Roll on Summer.
Don't get me wrong, I'm all for letting the kids jump in puddles, but it gets to the point where light splashing is not enough - not for them anyway. They have to find one deep enough to wade through. And that's still not enough. They've gotta get their limbs in there; scooping up handfuls of mud and dripping it from one palm to the other, smearing muck to the elbows, The Lily Bug likes to explore the texture of mud with her entire body. In particular, her hair. Give her a storm-fed puddle as a palette, and she stands on her head and transforms into a human paint brush.
She did attempt a headstand in the mud during this particular adventure, but I missed the shot as I was already halfway back to the car calling "come on before I leave you behiiiind!" along the way.
What I really really hate about this kind of fun? The part where it becomes unfun. The part where it becomes one of those waking nightmares you can't shake off for the rest of the day. Yup. The part where mucky monsters have to get clean again.
For the highly-volatile Lily Bug, this becomes a Total. Meltdown. Nightmare. By the time we get on to the clean up, she's tuned out the world and she's in 'The Zone'. You know that tired zone that is usually a precursor to a full-scale over-tired screaming fit? It's at this point, our fun-loving three year old transforms into the Wicked Witch of the West.
There's kicking, there's screaming, there's the gnashing of teeth... Halfway through the ordeal I'm declaring "we are never EVER playing in mud again" and by the end I'm all but begging my poor devil-possessed child to stop with the screaming and clawing and thrashing because I am in fact a wee bit afraid that the neighbours will think something godawful is going on in the house, and call the cops.
At least in summer, a water fight can solve the issue of clean up time.

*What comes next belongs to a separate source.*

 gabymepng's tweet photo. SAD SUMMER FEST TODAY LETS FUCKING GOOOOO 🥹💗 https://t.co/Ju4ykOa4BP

In summer, the messy play table can be moved outside so I don't have to spend an hour scrubbing floury watery goop off the kitchen walls. The muck is cleaner; less water-logged rugby field and more soggy sandpit.
Roll on Summer.
This was last summer. The clampit was filled with lovely soft Pinaki sand on one side and water on the other, then mixed to create a diarrhea-brown ooze that we (or rather, they) spent every available day wallowing in. Clean up time was garden hose simple.